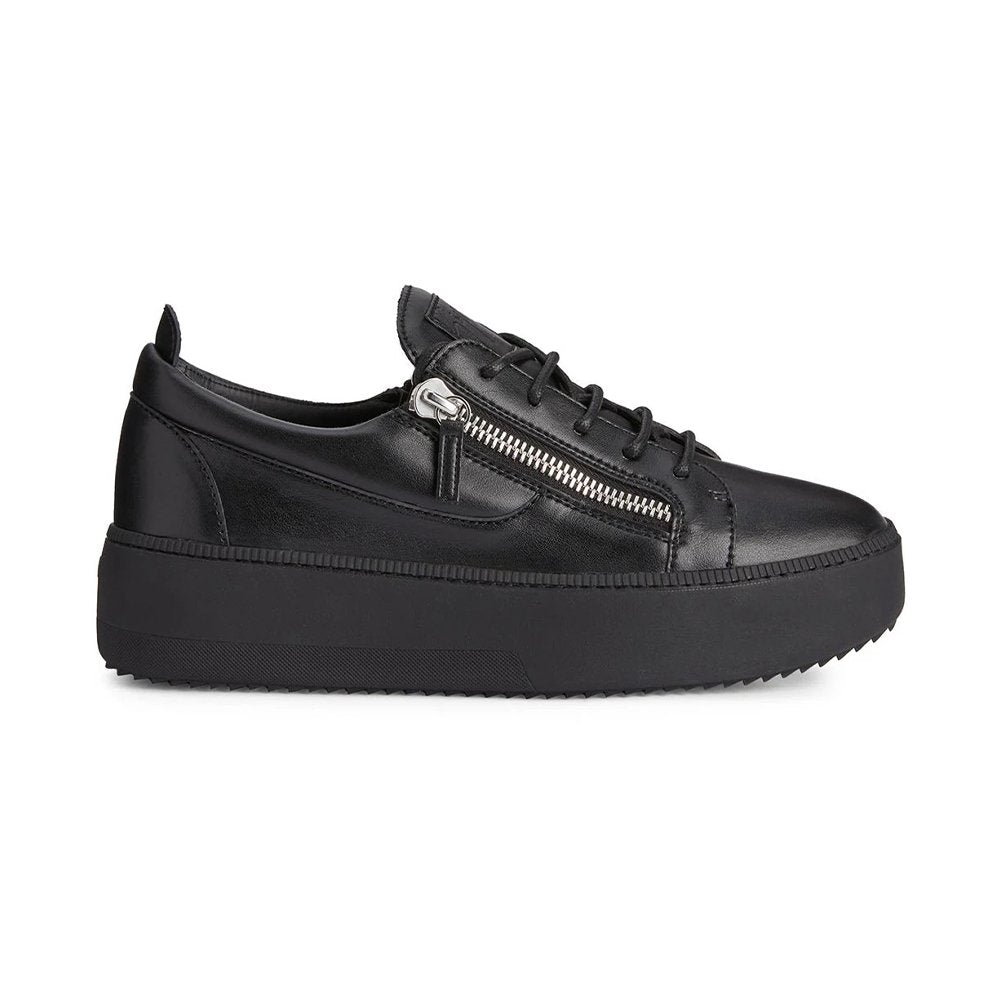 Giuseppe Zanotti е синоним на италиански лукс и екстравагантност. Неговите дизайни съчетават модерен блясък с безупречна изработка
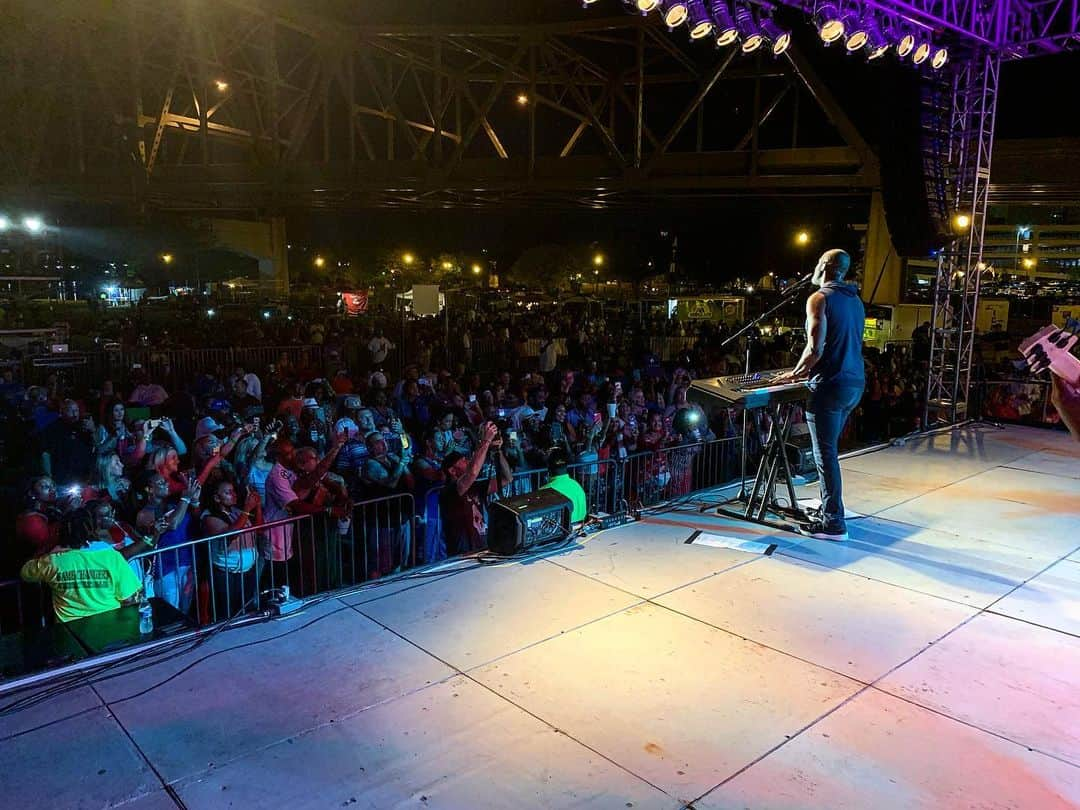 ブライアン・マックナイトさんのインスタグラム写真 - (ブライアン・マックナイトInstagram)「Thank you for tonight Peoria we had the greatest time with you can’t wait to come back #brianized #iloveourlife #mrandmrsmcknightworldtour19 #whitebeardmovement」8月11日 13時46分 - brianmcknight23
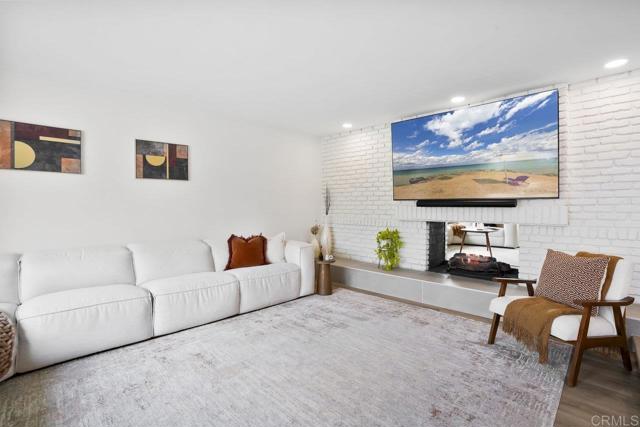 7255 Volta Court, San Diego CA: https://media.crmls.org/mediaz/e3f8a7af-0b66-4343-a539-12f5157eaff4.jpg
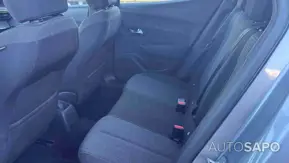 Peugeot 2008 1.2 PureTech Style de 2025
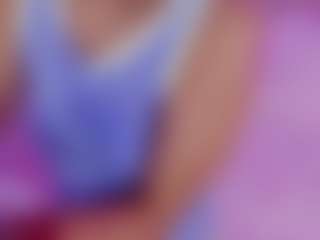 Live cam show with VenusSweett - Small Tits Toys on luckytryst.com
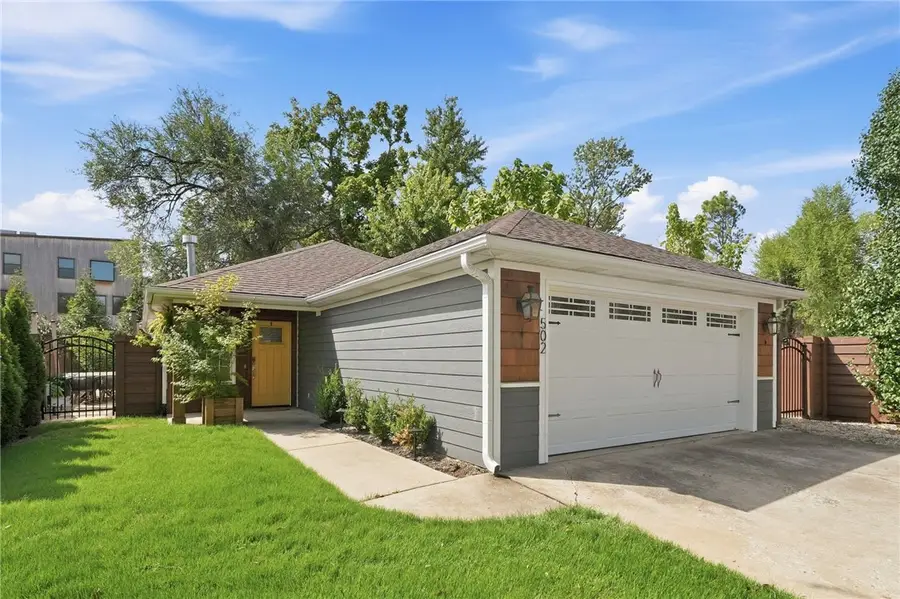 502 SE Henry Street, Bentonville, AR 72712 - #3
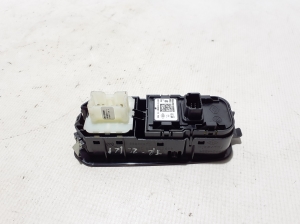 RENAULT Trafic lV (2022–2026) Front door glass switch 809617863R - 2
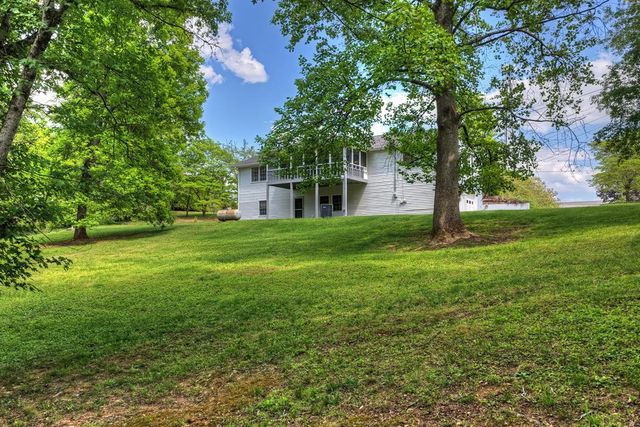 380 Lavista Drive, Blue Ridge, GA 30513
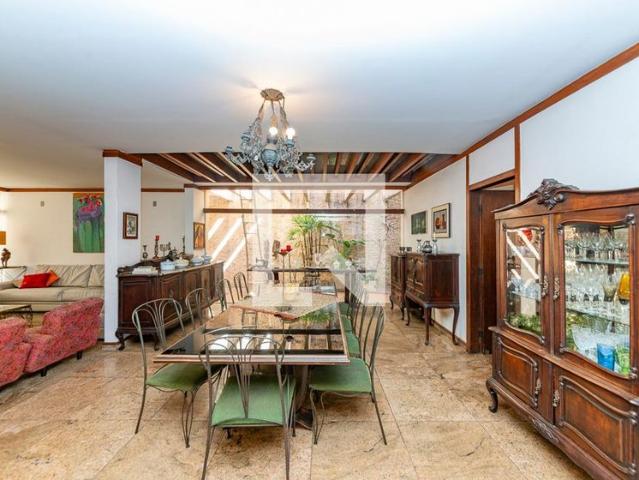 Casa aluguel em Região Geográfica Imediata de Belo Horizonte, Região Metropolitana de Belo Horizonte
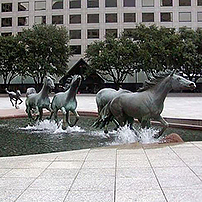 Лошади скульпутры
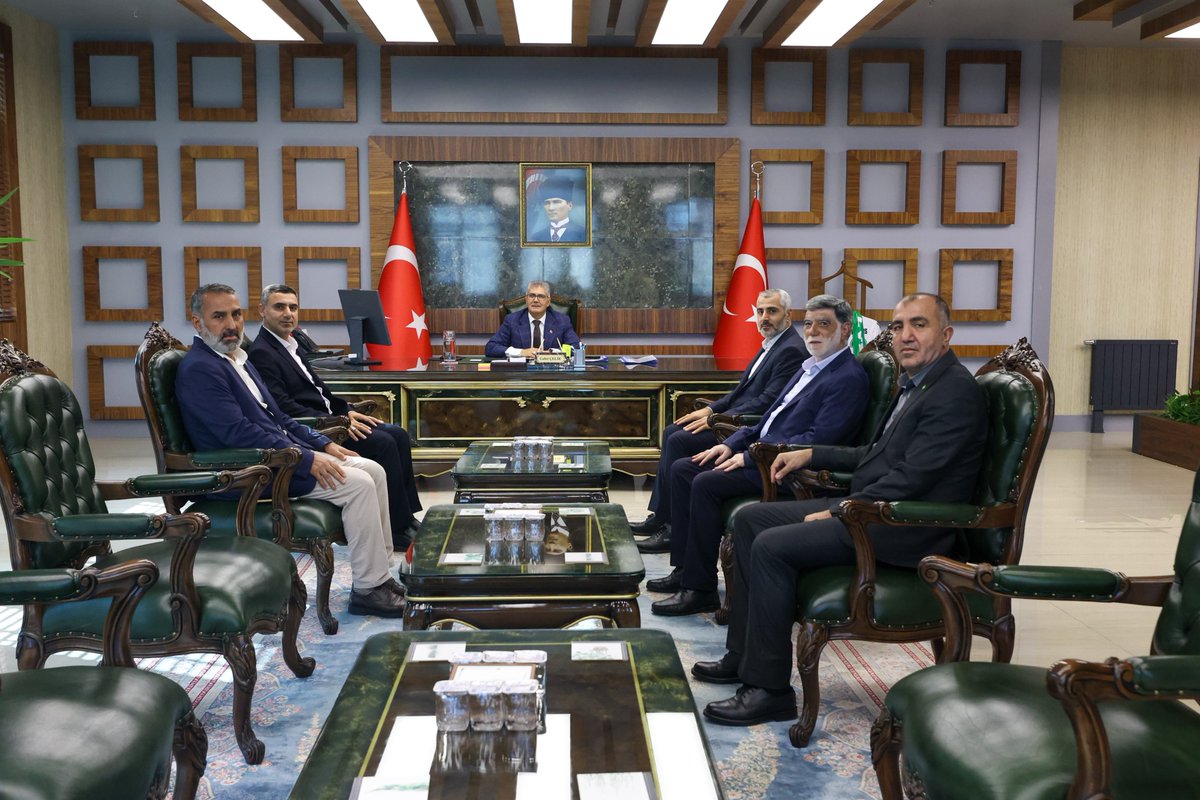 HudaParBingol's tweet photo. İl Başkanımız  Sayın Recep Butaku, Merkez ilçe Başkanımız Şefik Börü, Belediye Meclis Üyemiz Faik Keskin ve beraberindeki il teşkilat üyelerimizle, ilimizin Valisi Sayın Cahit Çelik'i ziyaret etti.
+ + + + +
== DESCRIPTION OF THE TASK ==
With the pictures omitted, copy the entries above exactly from the line containing "7255 Volta Court, San" through the line containing "380 Lavista Drive, Blue Ridge, GA 30513", both lines included.

== ANSWER SECTION ==
 7255 Volta Court, San Diego CA: https://media.crmls.org/mediaz/e3f8a7af-0b66-4343-a539-12f5157eaff4.jpg
 Peugeot 2008 1.2 PureTech Style de 2025
 Live cam show with VenusSweett - Small Tits Toys on luckytryst.com
 502 SE Henry Street, Bentonville, AR 72712 - #3
 RENAULT Trafic lV (2022–2026) Front door glass switch 809617863R - 2
 380 Lavista Drive, Blue Ridge, GA 30513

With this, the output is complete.